- Task: Pictures are not part of the answer. Return the lines from the one containing "Disturbia - Letavia" through the end of the data, both included, exactly as they appear.

- Supplied data:
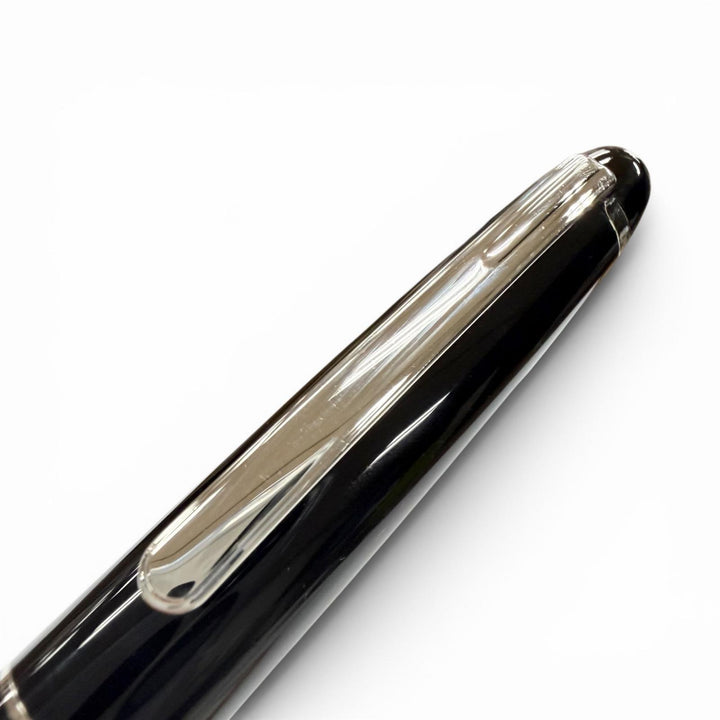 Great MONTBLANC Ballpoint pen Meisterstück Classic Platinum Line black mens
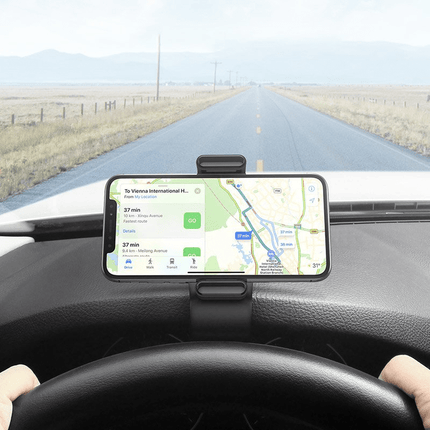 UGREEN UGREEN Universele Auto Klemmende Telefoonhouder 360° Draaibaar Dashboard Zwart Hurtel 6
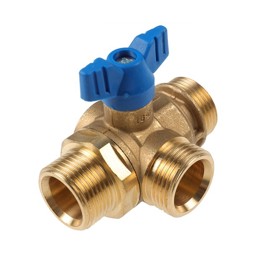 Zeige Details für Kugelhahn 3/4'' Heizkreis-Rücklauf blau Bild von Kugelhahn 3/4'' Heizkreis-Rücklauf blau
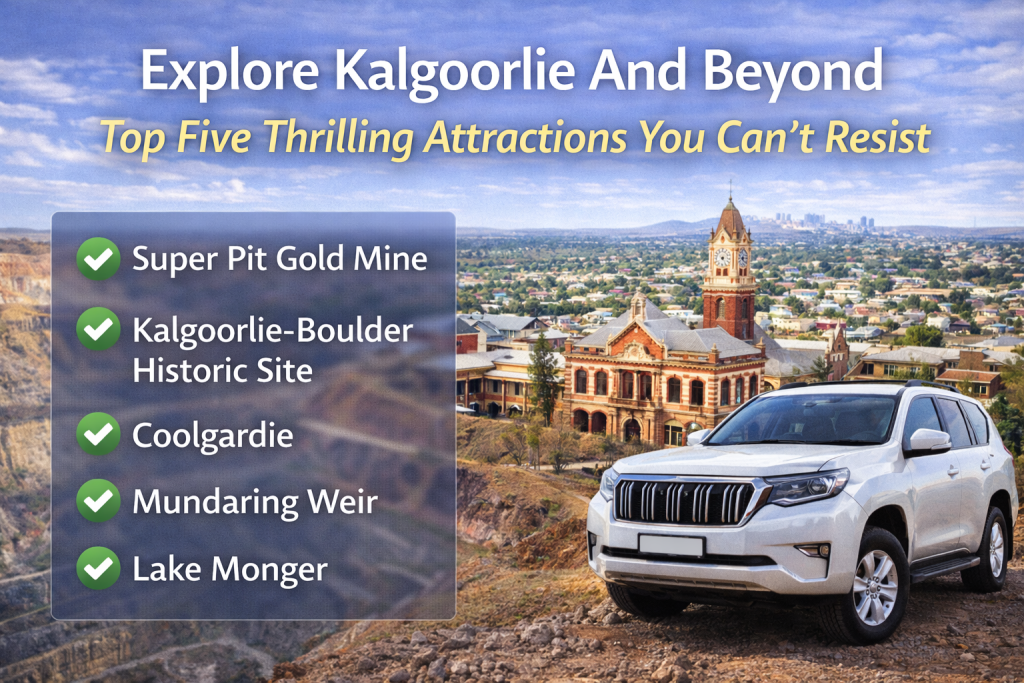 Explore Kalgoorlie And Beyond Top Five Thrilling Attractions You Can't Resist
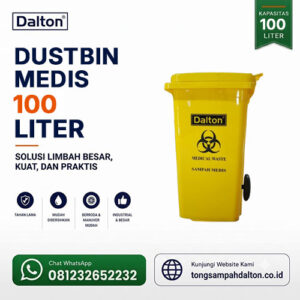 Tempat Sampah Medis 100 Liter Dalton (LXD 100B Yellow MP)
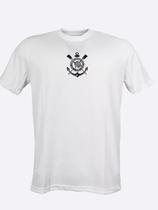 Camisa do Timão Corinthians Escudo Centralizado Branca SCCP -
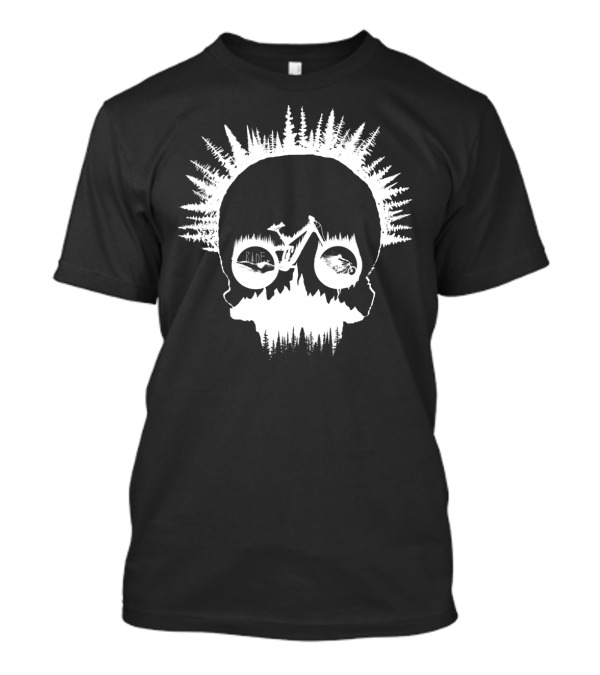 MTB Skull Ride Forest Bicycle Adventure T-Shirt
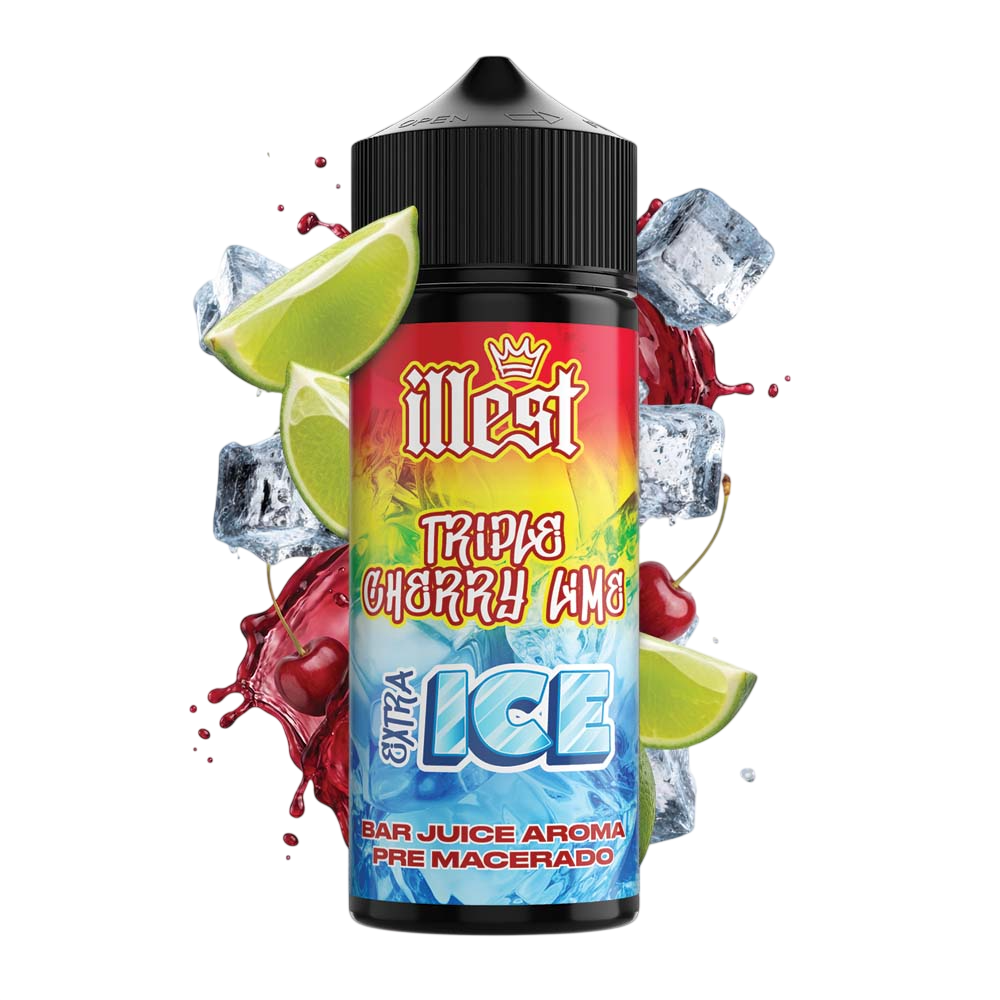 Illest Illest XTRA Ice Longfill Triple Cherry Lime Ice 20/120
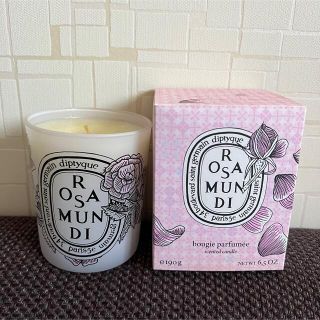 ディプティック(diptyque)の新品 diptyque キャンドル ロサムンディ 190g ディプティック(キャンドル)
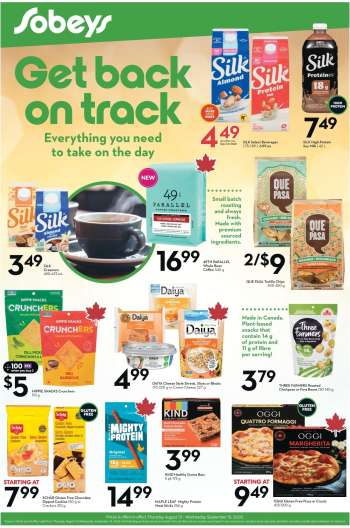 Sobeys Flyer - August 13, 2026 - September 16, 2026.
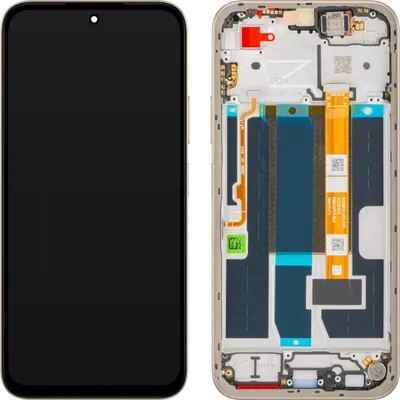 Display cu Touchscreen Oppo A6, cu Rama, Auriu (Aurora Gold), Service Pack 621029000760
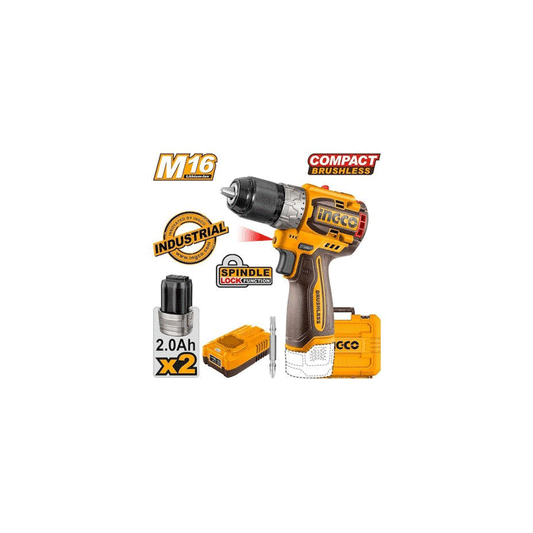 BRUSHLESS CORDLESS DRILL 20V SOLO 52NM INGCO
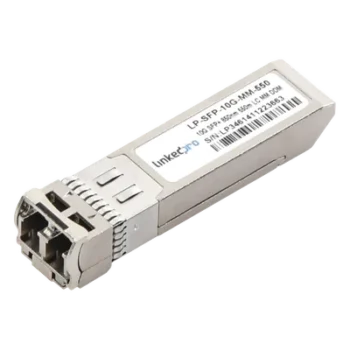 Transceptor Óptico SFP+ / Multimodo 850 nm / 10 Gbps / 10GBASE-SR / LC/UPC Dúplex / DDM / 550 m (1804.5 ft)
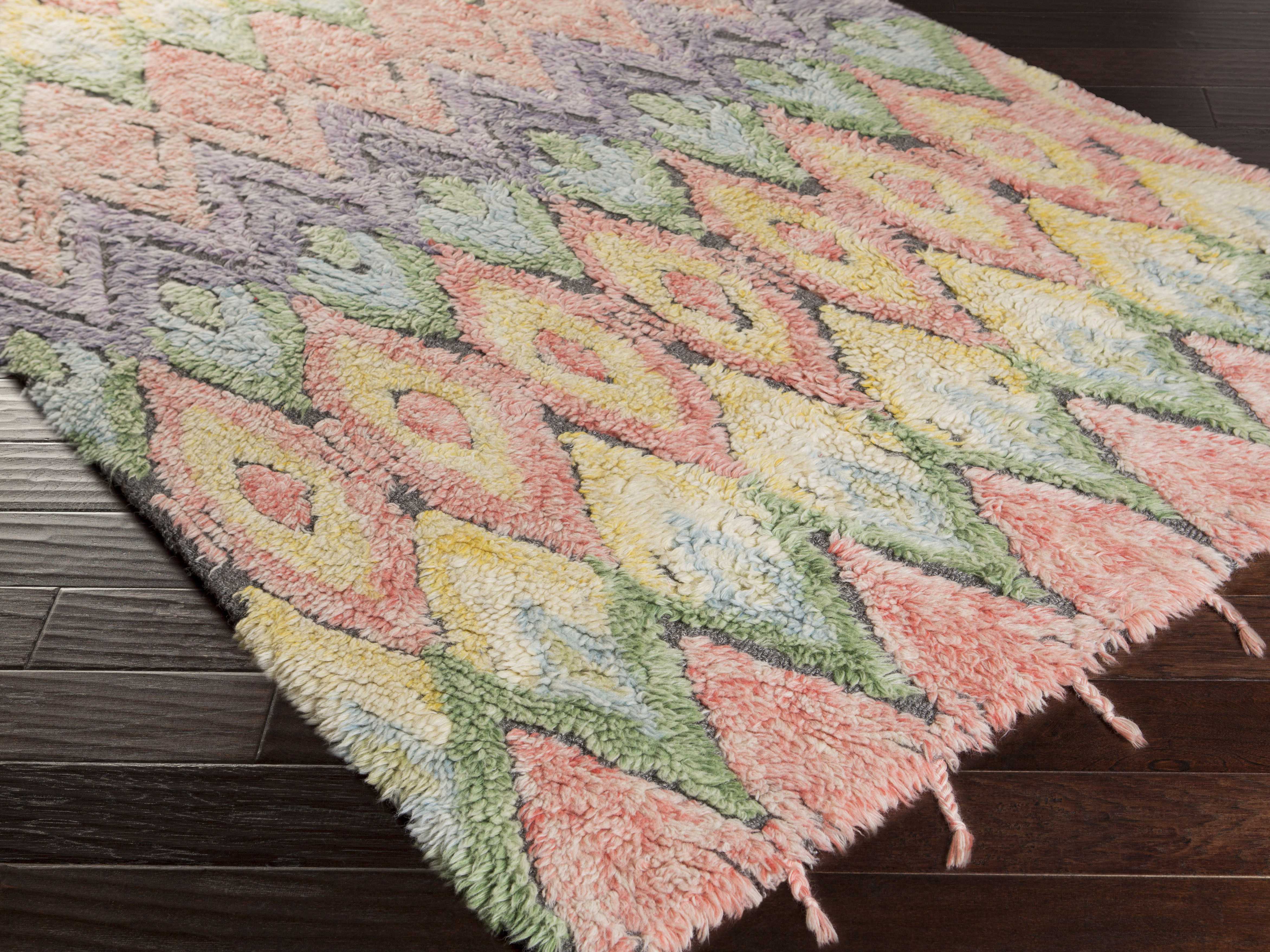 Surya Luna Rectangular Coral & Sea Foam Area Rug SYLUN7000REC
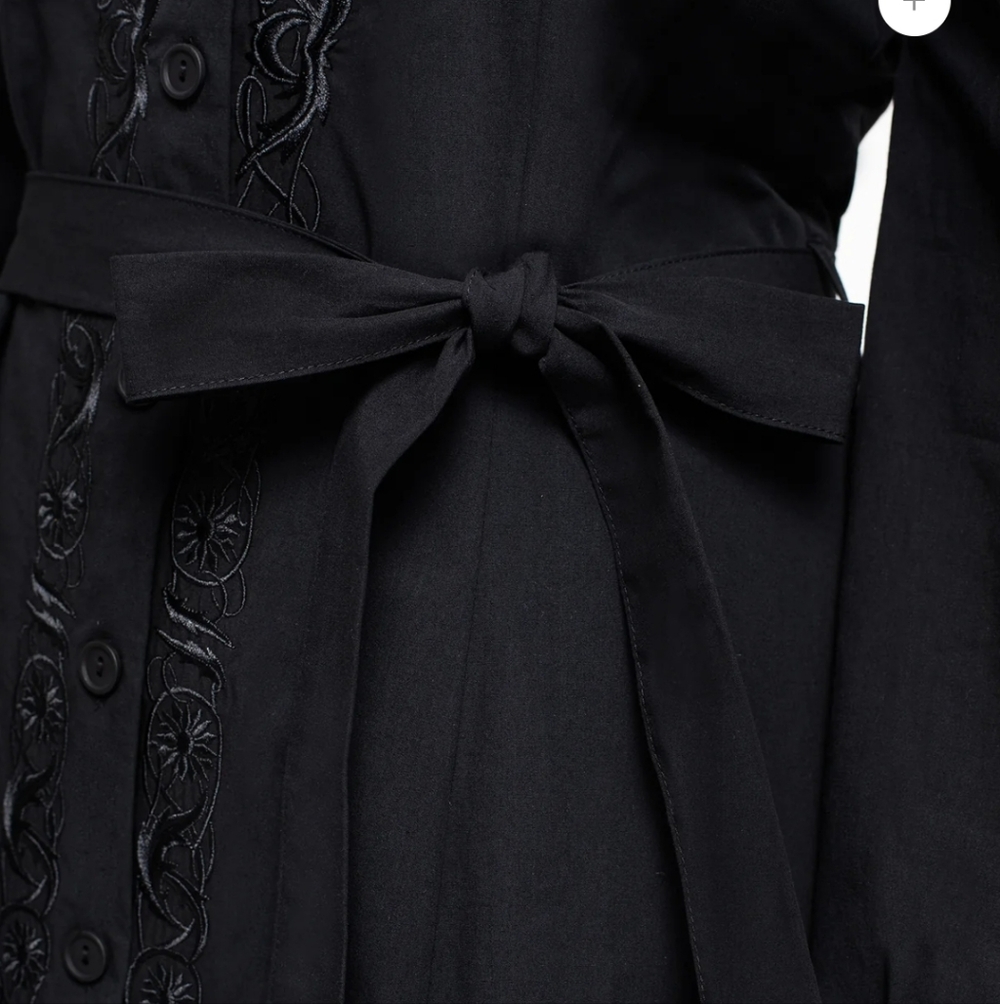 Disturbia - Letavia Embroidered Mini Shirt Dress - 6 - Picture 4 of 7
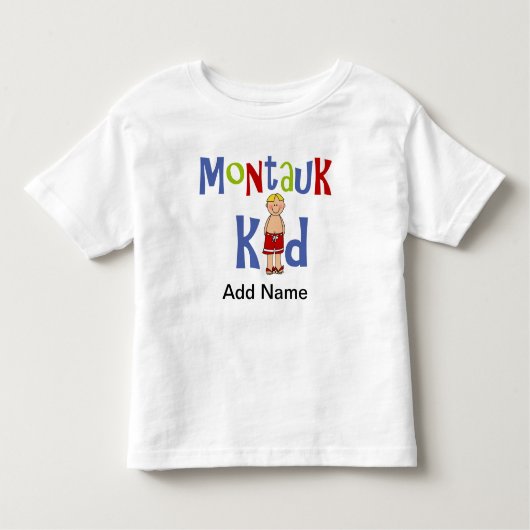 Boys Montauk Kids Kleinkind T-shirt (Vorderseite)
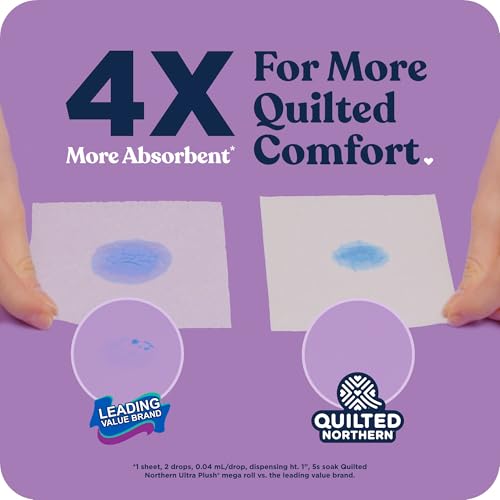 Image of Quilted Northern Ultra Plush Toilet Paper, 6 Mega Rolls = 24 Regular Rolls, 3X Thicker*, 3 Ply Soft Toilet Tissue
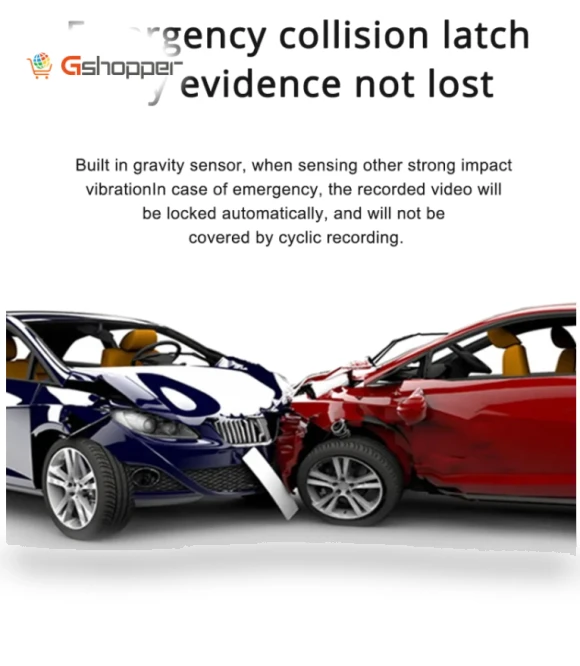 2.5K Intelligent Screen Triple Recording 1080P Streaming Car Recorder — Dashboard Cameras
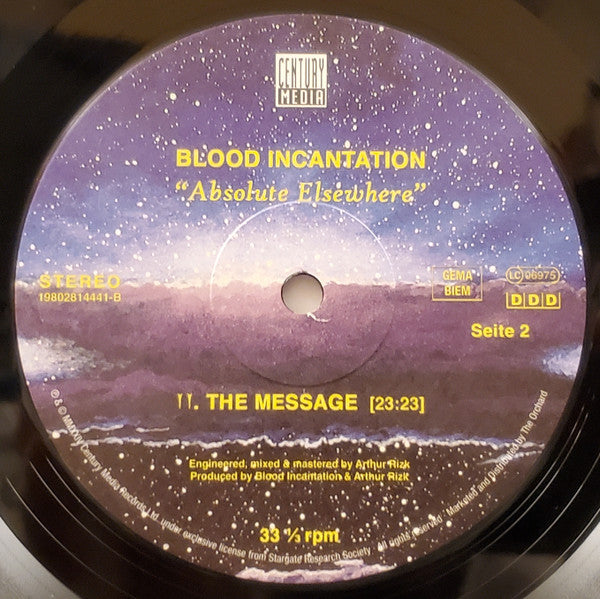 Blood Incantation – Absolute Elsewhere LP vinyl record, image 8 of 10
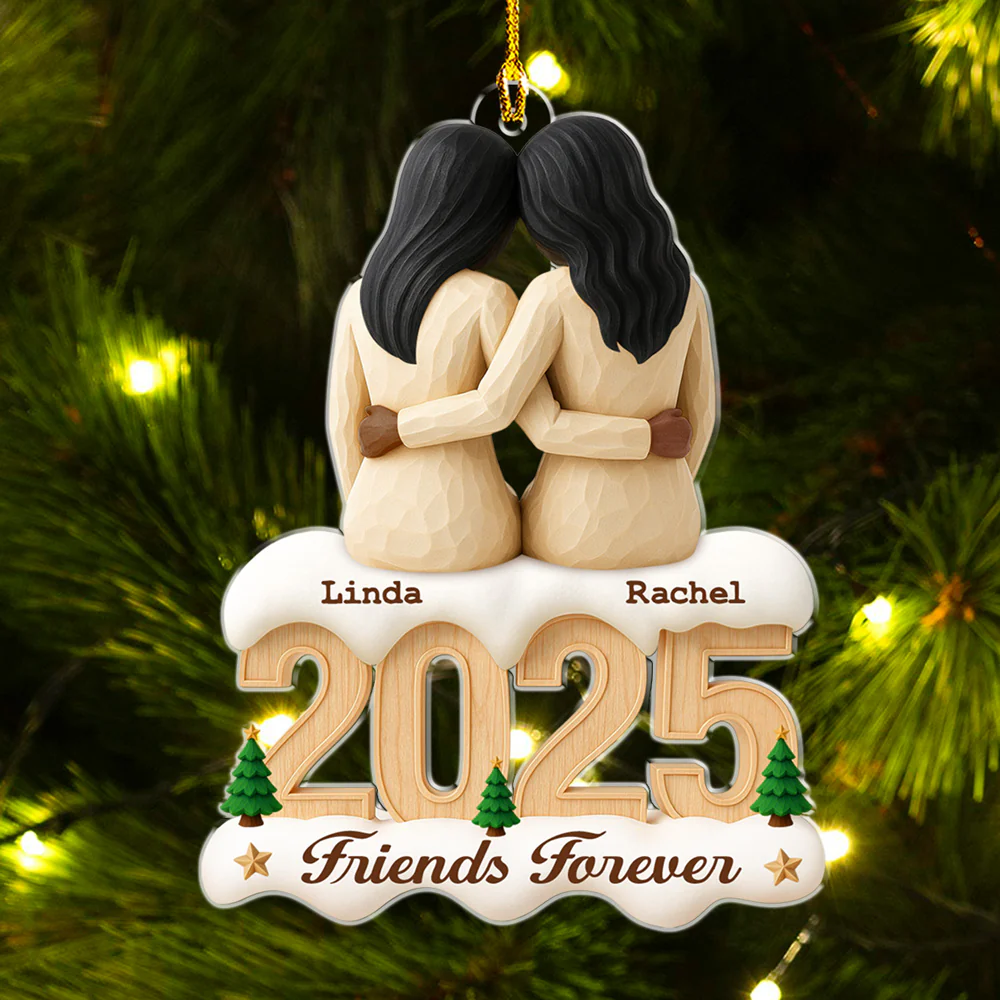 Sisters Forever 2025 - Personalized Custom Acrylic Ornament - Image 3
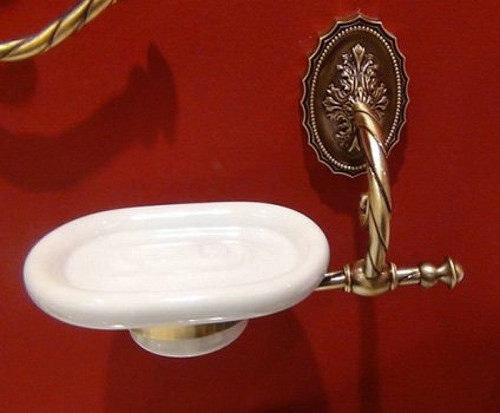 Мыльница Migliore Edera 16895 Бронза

- Task result:
 Disturbia - Letavia Embroidered Mini Shirt Dress - 6 - Picture 4 of 7
 Boys Montauk Kids Kleinkind T-shirt (Vorderseite)
 Image of Quilted Northern Ultra Plush Toilet Paper, 6 Mega Rolls = 24 Regular Rolls, 3X Thicker*, 3 Ply Soft Toilet Tissue
 2.5K Intelligent Screen Triple Recording 1080P Streaming Car Recorder — Dashboard Cameras
 Blood Incantation – Absolute Elsewhere LP vinyl record, image 8 of 10
 Sisters Forever 2025 - Personalized Custom Acrylic Ornament - Image 3
 Мыльница Migliore Edera 16895 Бронза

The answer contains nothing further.